Simple SQL

Read(90) Label: simple sql,

Here’s how to use simple SQL.

 

Concept:

A simple SQL is used to query data in a data file, which is represented directly using the table namefile name.extensionand which can be treated as an ordinary table sequence. It is so called because the syntax is similar to that of database queries.

The file types simple SQL supports include txt, csv, xlsx, xls, btx (a bin file) and ctx (a composite file). Each involved data file is supposed to have headers. Both the relative path, which is relative to the esProc main directory, and the absolute path can be used in a simple SQL query.

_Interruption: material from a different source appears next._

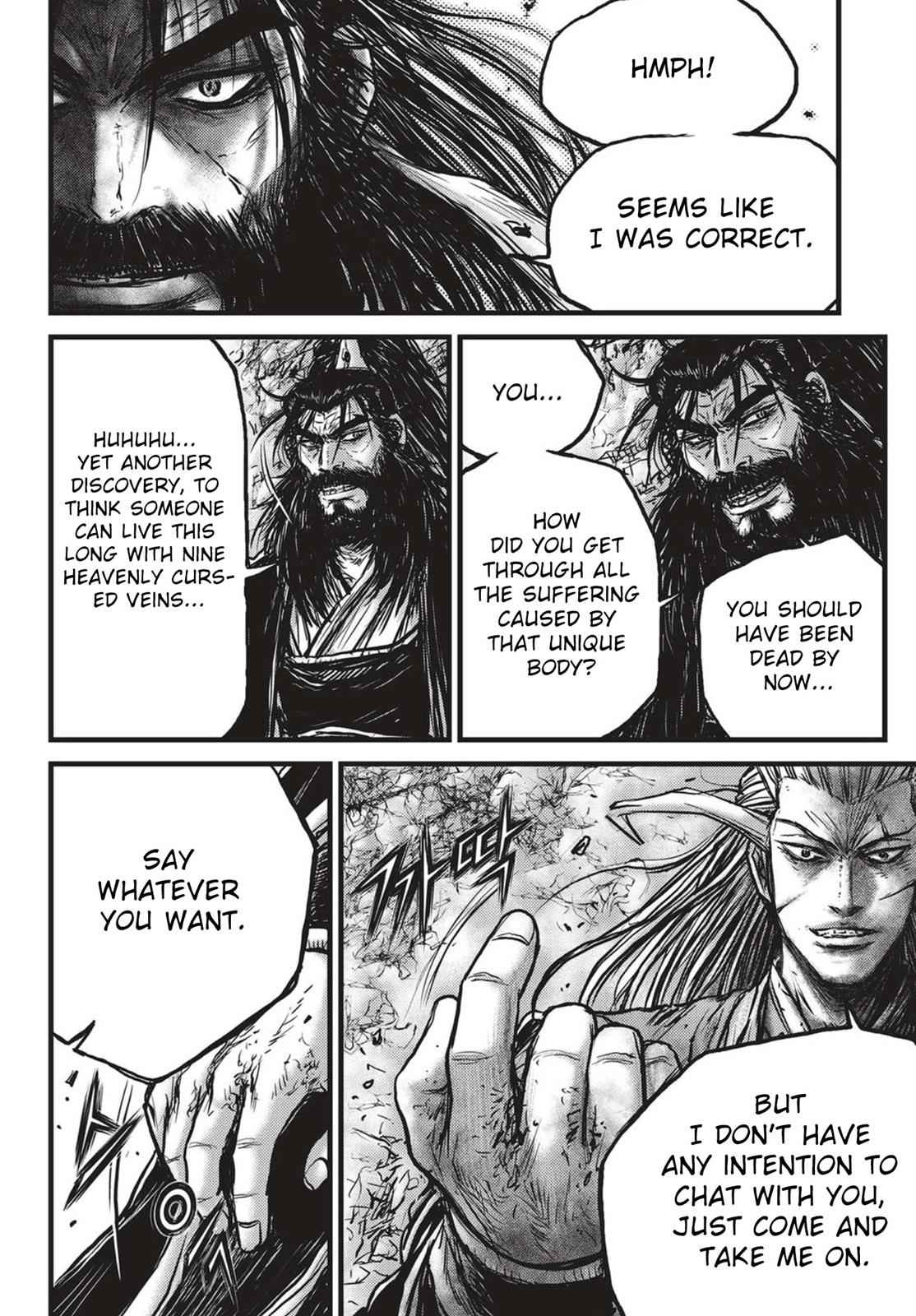 Ruler of the Land Chap 540 - Next Chap 541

Similar to familiar SQL statements, simple SQl can be used in db.query(sql) and $(db)sql. While the ordinary SQL queries data from the database through a specified to-be-connected data source db, the simple SQL queries data from a file system without specifying data source name. It just leaves data source parameter db null with syntax connect().query(sql)/$()sql.

Syntax of simple SQL:

with T as (x) 

Define a table for data file using an esProc script; the query over the file x returns a table sequence or a cursor.

select x F,…

Select data from a table where x is a field or an expression and F is its alias.

.from T T’

Use a defined table T; T’ is the alias of this table and can be omitted.

from fn T

Use file fn, whose format can be txt, csv, xls, xlsx and btx (a bin file), directly as table T; the file is opened as a cursor, and by default considered to have headers; use a relative path, which is relative to esProc main directory, or an absolute path to access file fn.

from {x}

x is an expression that can be executed within the current cellset; it should be an esProc expression that returns a table sequence or a cursor.

as

Can be used before a table alias.

where

The conditional filtering.

join, left join and full join

Associative operations that handle all data in the memory when join operator is present; the corresponding function is xjoin().

/* parallel (n) */

Perform a parallel processing when there isn’t a join and when target files are btx (bin file) or ctx (composite table).

group by

Grouping operation with groups() function, whose result set is supposed to be able to fit into the memory.

group by n 

Perform grouping by the nth expression in the select statement; n should be a constant.

having

Grouping and filtering.

order by

Sorting operations in, by default, ascending order.

order by n

Perform sorting by the nth expression in the select statement; n should be a constant.

distinct

Synonym of SQL DISTINCT clause; support only a single table.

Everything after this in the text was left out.